The one simple trick to do a better job as a programmer is to git commit as if your commit could be accidentally deployed (and it wouldn’t break the production environment…)
Why would this improve your work? Because it pushes for improvements in several areas.
If a commit needs to leave the project in a working state, you need to:
Be able to prove that after making your changes, the project is in a working state. This forces you to put automated tests in place.
Be able to make changes that don’t break existing code, or that only add new features. This forces you think about first improving the existing code design to allow for your change to happen.
To practice with the latter, I recommend learning about the Mikado method. It makes it easier to recognize prerequisites for the change you want to make, and then forces you to enable the real goals by implementing the prerequisites first.

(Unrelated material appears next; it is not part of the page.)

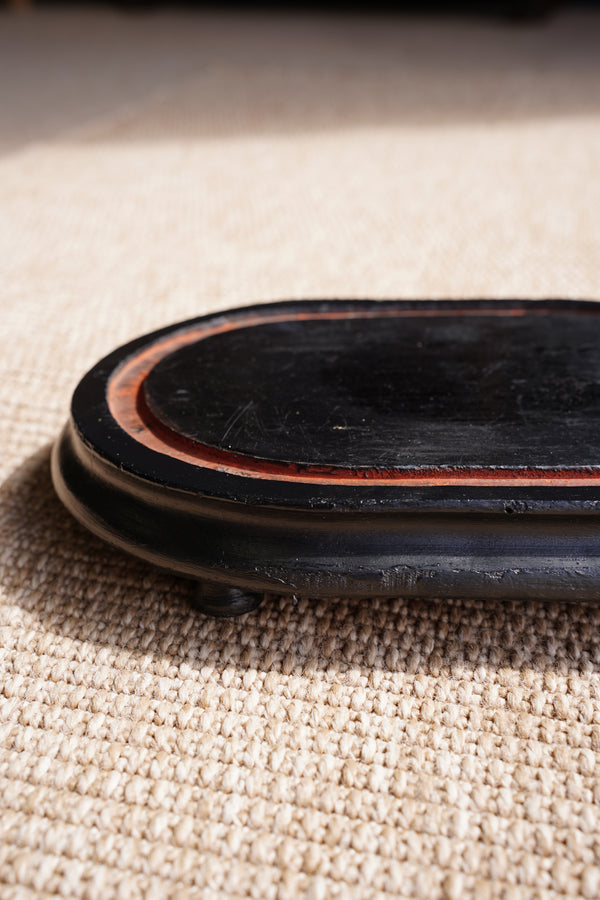 Antique Ebonized Oval Plinth Display Stand Base secondary view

This process is also known as “making the change easy, then making the easy change”. An amazing result of applying this process is that after some practice you’ll be able to make many, much smaller commits during the day. Each of those commits will leave the project in a working state. To me this always feels great because:
I’m not worried that my change breaks something.

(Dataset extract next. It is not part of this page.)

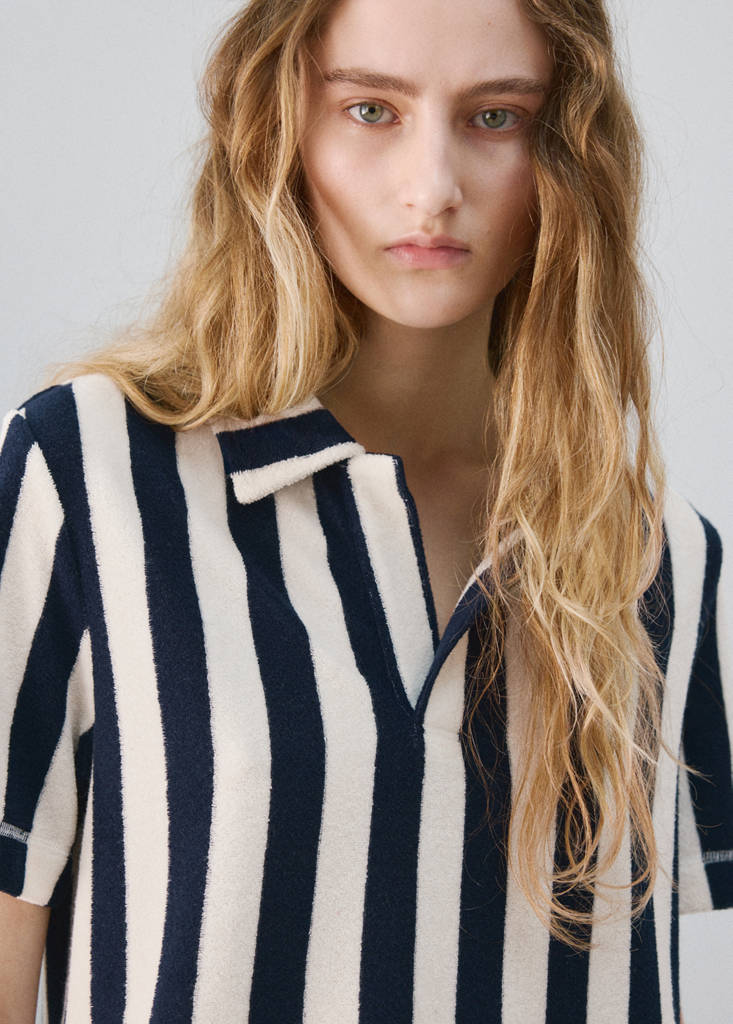 Terry cotton striped nightdress — Blue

I only make small jumps between stepping stones and I’m safe on each stone.
I can switch tasks when I need to.
As a consultant I apply this “trick” to trigger improvement of the development process. I like to work with development teams on one of their real programming tasks, as an ensemble. We use a pomodoro timer, and we establish a goal for the “pomodoro” (25 minutes). Reflecting at the end of the pomodoro we often conclude two things:
We didn’t reach the goal, it was too ambitious
We won’t be able to commit anything until several pomodoro’s later
During all this time we don’t feel safe at all. We don’t have a sense of accomplishment either. Realizing this turns out to be a great starting point for improving the development process.